Why Size Doesn’t Matter When Judging the Intelligence Community
Instead of criticizing how big the Intelligence Community has grown, let’s get the US to do a better job explaining why.
No, the Intelligence Community isn’t “Bigger Than Ever.”
Defense One and the Brennan Center for Justice published a real humdinger of an opinion piece about the growing size and cost of the Intelligence Community, or IC, where former FBI counterterrorism interrogator Michael German asserts:
The U.S. spends nearly $1 trillion on national security programs and agencies annually, more than any other nation in the world. Yet despite this enormous investment, there is not enough evidence to show the public that these programs are keeping Americans any safer – especially in the intelligence community.
There’s a budgetary bait-and-switch of massive proportions going on here. America’s “national security,” as defined in the broadest sense, costs about $1 trillion dollars annually, or approximately 25 percent of the federal budget.
But in the title, subtitle and the body of this 13-paragraph article, the author squarely focuses upon the IC’s budget-busting behavior. Yes, there are probably intelligence programs that fall outside of the $71.8 billion requested in fiscal 2016 for both the National Intelligence Budget and the Military Intelligence Budget. But contrary to the article’s title and emphasis, the Intelligence Community’s budget has actually declined by over 20 percent since hitting an all-time high in 2010. It truly isn’t “Bigger Than Ever.”
If you dig further into the article’s data, it falls apart like a house of cards. It conflates all kinds of numbers, including budget requests that have absolutely nothing to do with intelligence. By using The Project on Government Oversight’s numbers for fiscal 2016, German includes the nearly $600 billion Pentagon budget, no matter if it has anything to do with intelligence; the Veterans Affairs budget, at a whopping $166 billion, or more than double the amount the U.S. spends on intelligence issues; and the Department of Homeland Security’s $50 billion request.
Sure the IC has expanded—prior to 9/11, the IC’s budget was somewhere south of $40 billion—but also recall what America’s intelligence agencies have been asked to grapple with in the last 15 years. Beyond reorienting our intelligence capabilities to respond to that massive terrorist attack on the homeland and multiple near-misses, the U.S. also invaded and occupied two countries at the same time, generating an incredible amount of intelligence requirements.

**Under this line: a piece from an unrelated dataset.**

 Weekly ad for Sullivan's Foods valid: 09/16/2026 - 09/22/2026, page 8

We’ve also seen the exponential growth of digital communications, requiring the IC to keep up and grow to meet these challenges. And our old state adversaries haven’t vanished either.
It's a pity the author hamstrung his own argument with shoddy numbers because some of what he says has merit. Of course, just throwing money at the intelligence agencies have probably caused massive inefficiencies and redundancies, hidden by degrees of classification. Indeed, it seems the mission and scope of the administration’s latest effort to integrate cyber efforts, the “Cyber Threat Intelligence Integration Center,” sounds a lot like one that already exists, DHS’ “National Cybersecurity and Communications Integration Center.” So, yes, the author has a point when he wrote, “the excessive secrecy shrouding intelligence activities means Americans have little public information from which to evaluate whether the intelligence enterprise is worth the investment.” But that’s the inherent tension of intelligence agencies within a democracy– their efforts are supposed to be secret.

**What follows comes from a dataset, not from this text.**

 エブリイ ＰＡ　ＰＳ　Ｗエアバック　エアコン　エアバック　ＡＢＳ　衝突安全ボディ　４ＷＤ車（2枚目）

But there’s a fix for this! Members of Congress, as the people’s representatives and keepers of the purse, must aggressively fulfill its oversight role and make sure the IC’s core abilities are protected while cutting the fat. Congress has a critical role in shuttering outdated systems, streamlining bureaucracies and squeezing broken programs. Otherwise, the system as constructed simply won’t work as well as it could.
Still, Congress needs help. Unfortunately, this article lacked specific recommendations where, exactly, Congress should bring the budgetary scalpel or broadsword to the intelligence community, or to the national security enterprise as a whole. So here’s one way to cast a little more sunlight into the IC’s doings—provide a budget for each department and agency – i.e. the CIA this year has a budget of X, Office of the Director of National Intelligence has a budget of Y, etc. The sky won’t fall and the Russians or al-Qaeda wouldn’t suddenly have a massive advantage against America if they realize the agency has a few more or fewer dollars to spend this year.
Helping Congress make real budgetary choices is where the rubber meets the road. To excise real bloat would both help the IC and provide value to the American taxpayer. Bringing a degree of sunlight to the IC will help, but only if Congress is willing to get its hands dirty. And that starts with reducing misconceptions about the IC as a whole.